# HELP strange white dots appearing on everything in tank!



## dan3345 (Jan 27, 2010)

I took pics to give you all an idea as everyone I have talked to and everything I have searched thinks this is ich which to me it obviously is not! 

http://www.fishforums.com/forum/album.php?albumid=423

This started when I went to petsmart a few weeks ago and bought a driftwood with a plant on it. I dont know what the plant is, but it is a small little thing attached to the wood. The plant is still alive and appears to be doing pretty well. SO a few days after buying this wood I noticed a few of these dots appearing around a hole at the top of the driftwood. (the three nerites are often on this wood btw) So its getting creepy because these things are appearing everywhere and no-one can tell me what they are. People have said they are daphnia but these are too big and they do not move. They just somehow multiply. Which I never actually see either I just end up finding more scattered around my tank. If I try and remove them is takes effort. We are talking getting my hand in and scraping them off with a finger nail. And even then it is hard. They leave behind a white residue where they were once removed. I am beginning to suspect these are not nerite eggs because some of the places where I am finding them seem like a place that would be hard for a nerite to get to. Not impossible but difficult..
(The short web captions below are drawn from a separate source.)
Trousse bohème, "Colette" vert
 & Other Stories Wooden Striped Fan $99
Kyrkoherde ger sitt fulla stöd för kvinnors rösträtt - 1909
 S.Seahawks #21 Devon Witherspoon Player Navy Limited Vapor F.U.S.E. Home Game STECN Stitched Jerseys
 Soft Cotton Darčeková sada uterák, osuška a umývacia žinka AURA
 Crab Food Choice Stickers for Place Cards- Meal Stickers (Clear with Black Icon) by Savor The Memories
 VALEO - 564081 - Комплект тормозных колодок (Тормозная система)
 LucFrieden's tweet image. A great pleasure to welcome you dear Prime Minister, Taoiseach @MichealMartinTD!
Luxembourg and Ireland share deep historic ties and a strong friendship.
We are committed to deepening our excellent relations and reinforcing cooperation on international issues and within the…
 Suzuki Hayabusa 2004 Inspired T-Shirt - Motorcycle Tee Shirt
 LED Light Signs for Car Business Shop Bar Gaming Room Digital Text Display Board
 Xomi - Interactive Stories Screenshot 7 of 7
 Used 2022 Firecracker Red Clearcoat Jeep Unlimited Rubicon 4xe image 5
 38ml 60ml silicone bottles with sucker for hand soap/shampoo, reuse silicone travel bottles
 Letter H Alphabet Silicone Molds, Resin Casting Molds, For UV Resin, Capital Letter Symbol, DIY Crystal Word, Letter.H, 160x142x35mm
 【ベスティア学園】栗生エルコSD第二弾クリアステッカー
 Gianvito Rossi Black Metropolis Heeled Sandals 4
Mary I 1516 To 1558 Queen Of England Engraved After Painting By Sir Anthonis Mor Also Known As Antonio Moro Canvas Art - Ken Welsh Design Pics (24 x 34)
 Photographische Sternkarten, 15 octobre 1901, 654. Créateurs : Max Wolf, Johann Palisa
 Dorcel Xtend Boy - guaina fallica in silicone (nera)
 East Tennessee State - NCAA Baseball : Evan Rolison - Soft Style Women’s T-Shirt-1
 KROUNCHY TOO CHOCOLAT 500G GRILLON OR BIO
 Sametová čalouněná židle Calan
SO can anyone offer up some insight? I am really getting worried.


----------



## noahhill (Jul 31, 2010)

It looks like snail eggs to me .


----------



## TheOldSalt (Jan 28, 2005)

You might need a microscope for this one. They might be eggs, but they might be freshwater foraminiferan-type critters. They could also be fungus globs.


----------



## Corwin (May 23, 2010)

they look just like nerite eggs to me, though i agree it could be difficult for a nerite to lay an egg on a plant thats lighter than it without trampling the plant . Honestly i agree with ToS go pick up a microscope (or better yet borrow one) and take a look at em.


----------